La nuit, tous les bateaux sont illuminés

L’après-midi file doucement. Alors que la nuit tombe, un courant électrique se fait sentir dans l’air, sans que personne disjoncte. On est juste tout simplement trop excité tout en appréhendant la nuit à venir. C’est notre première fois en mer, notre première traversée de nuit. Laurent nous appelle les puceaux. Au crépuscule, je suis toujours à la barre accompagnée de Wagner quand Laurent, un peu vert, sort de la cabine d’Aymeric. Je prends mon quart. Il faut dire que le vent est faiblard, vraiment — c’est d’ailleurs la seule vraie déception de l’équipage.  En tout et pour tout, les voiles auront paré le voilier que quelques heures. Le train de vague du vent apparent, au nord, fait osciller le voilier de devant à derrière, doucement. Par contre, environ aux 10 minutes, une houle frappe le côté du voilier et envoie valser l’équipement et l’équipage. Ces vagues ont dû se former par vent d’est, à des kilomètres de la côte, en mer.

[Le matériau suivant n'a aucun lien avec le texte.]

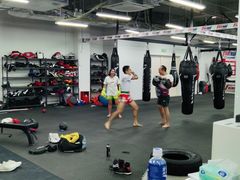 -FIGHTMAN格斗俱乐部(长宁临空店)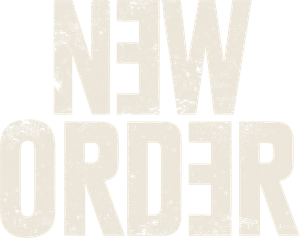 New Order's poster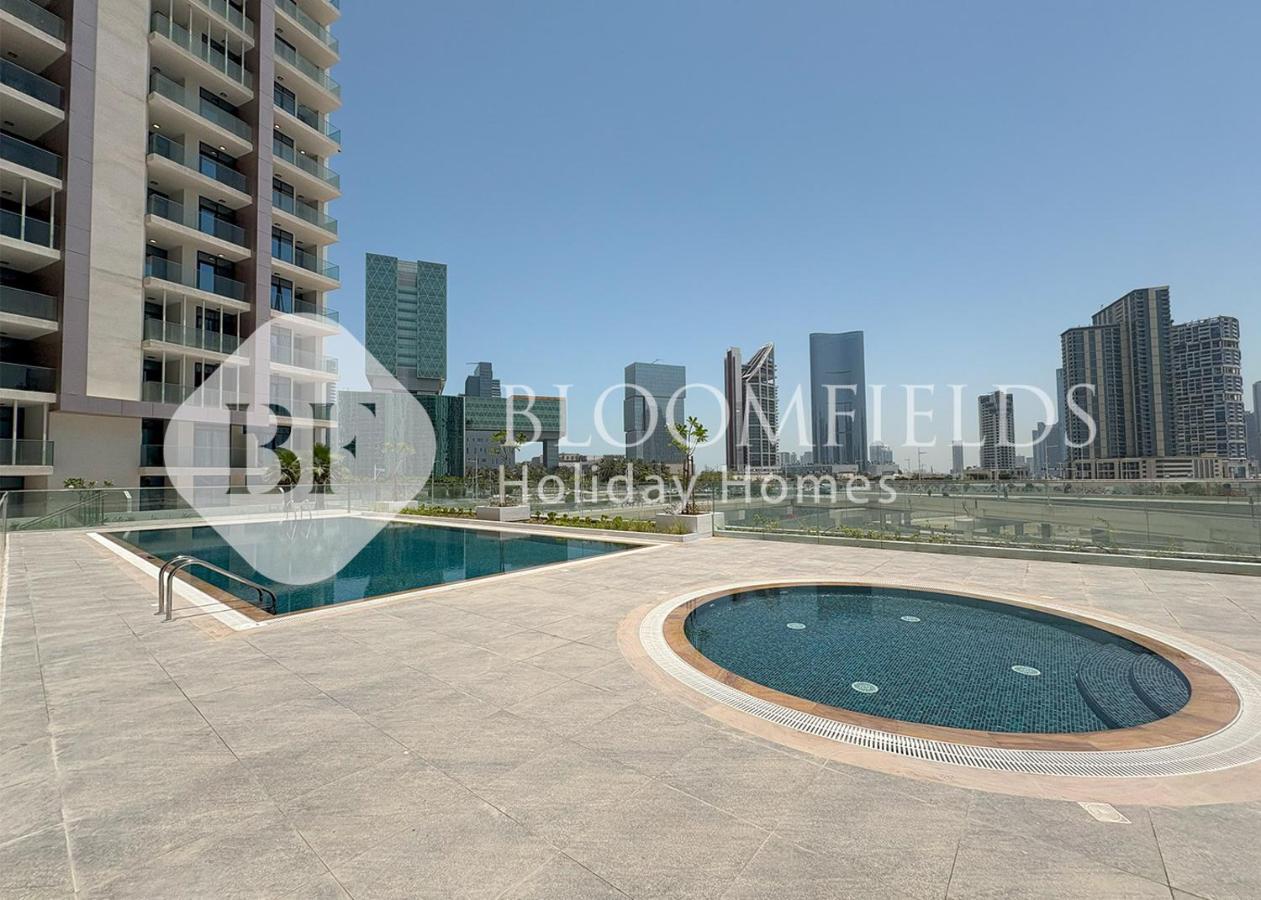 Bloomfields Skyline 1Br In Al Maryah Island - 4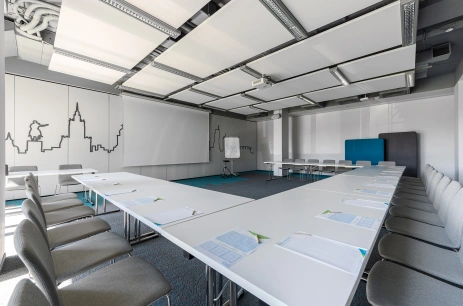 Sala konferencyjna Sala Wars w Szawa Conference Warszawa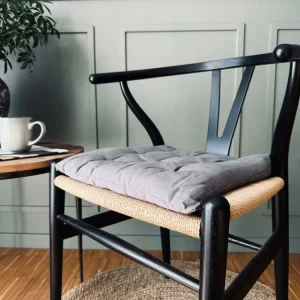 Futon 40×40 grå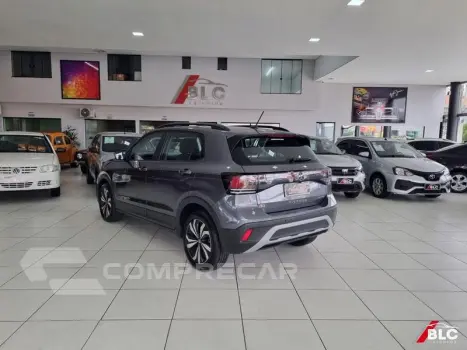 T CROSS TSI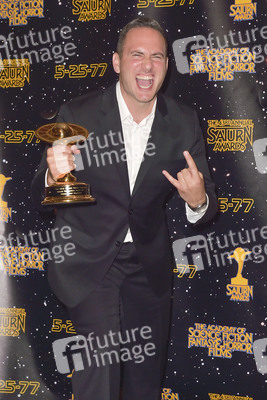 43. Saturn Awards in Burbank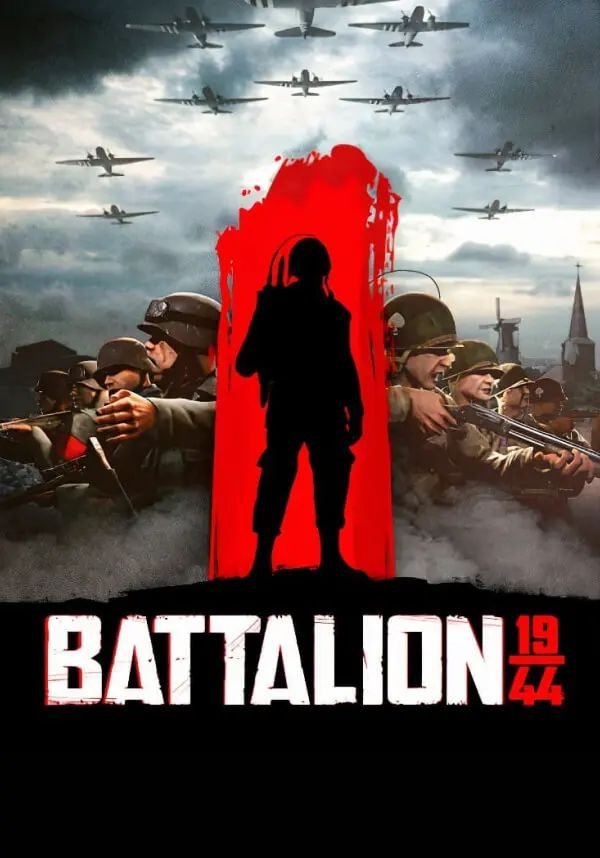 BATTALION 1944 #1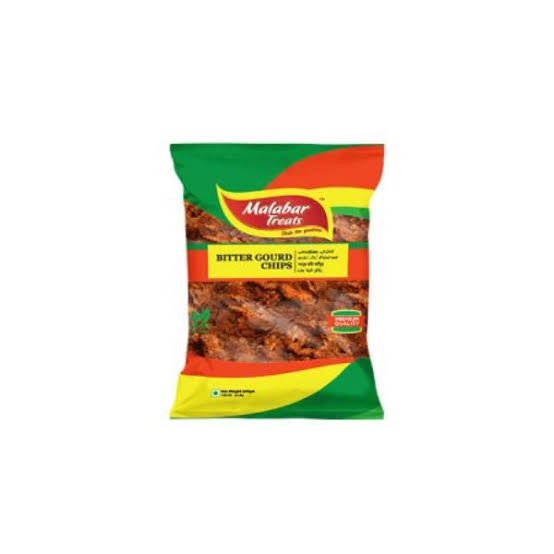 Malabar Delights Bitter Gourd Chips 200 g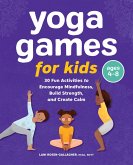 Yoga Games for Kids (eBook, ePUB)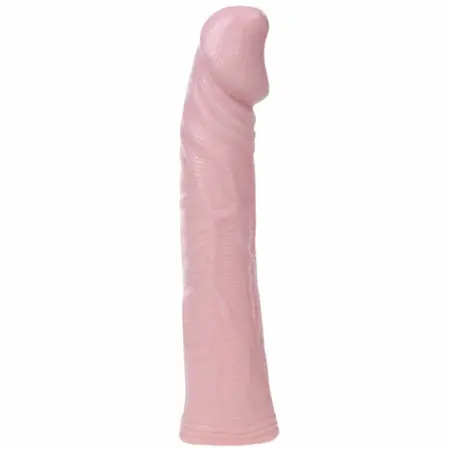 Baile Fantasy Vibe Extension TPR Model sa Vibrirajućim Vrhom 18cm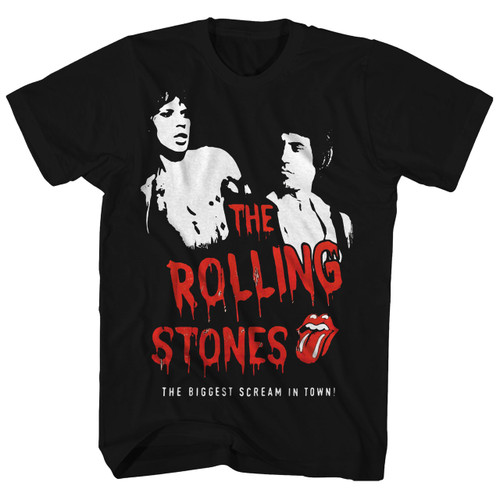 Rolling Stones Horror T-Shirt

S’il y a une chose qui me frappe depuis que je suis maman, c’est qu’il est difficile de s’apitoyer sur son triste sort quand tu as charge d’âme. J’ai toujours été malade en avion, jusqu’au jour où, allaitant, je ne pouvais prendre de médicament pour atténuer les symptômes. Miracle, je n’ai pas été malade de tout le vol vers la France, Aymeric calé contre moi. Même principe ici. Je m’attèle donc à la besogne, il fait noir dehors. Après discussion, il m’apparaît clair que je ne peux pas cuisiner un plat qui nécessite de l’eau chaude. Rien n’est stable et malgré le cadran du four, on n’a pas de pinces qui retiennent casseroles et chaudrons. Étrangement, je suis un peu agacée puisque cuisiner, loin de me rendre malade, m’aurait permis de penser à autre chose qu’aux mouvements du bateau. J’ai ouvert le lit du carré où joue Aymeric (en passant, il n’a jamais ressenti le moindre mal de mer. Dieu merci !) pendant que je fais des grilled-cheese. L’idée du carré est celle de Yann, notre pote de chez Gosselin (ben non, je ne vends pas de drogue. Un pote, c’est un ami en France). Après plusieurs traversées transatlantiques, il sait que le ventre du voilier est la place la moins sujette aux mouvements du bateau. Bingo.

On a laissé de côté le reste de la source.